* TO DO
Reproduce the data below word for word, setting aside any picture it holds.

··· PROVIDED DATA

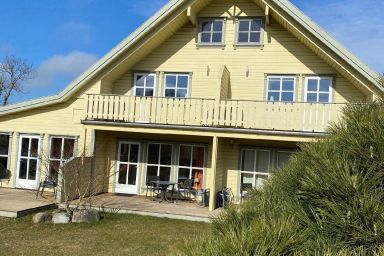 Ferienwohnung mit Terrasse für zwei Erwachsene und ein Kind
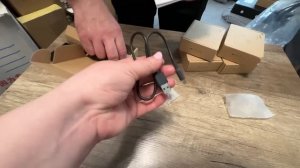 Первая распаковка палеты в Германии / Распаковка потерянных посылок в Германии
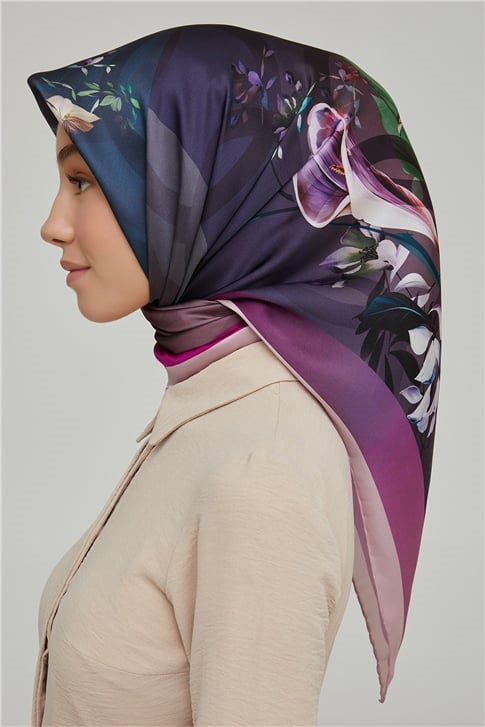 Armine Sura İpek Eşarp 21Ka8666 33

······

* THE ANSWER
 Ferienwohnung mit Terrasse für zwei Erwachsene und ein Kind
 Первая распаковка палеты в Германии / Распаковка потерянных посылок в Германии
 Armine Sura İpek Eşarp 21Ka8666 33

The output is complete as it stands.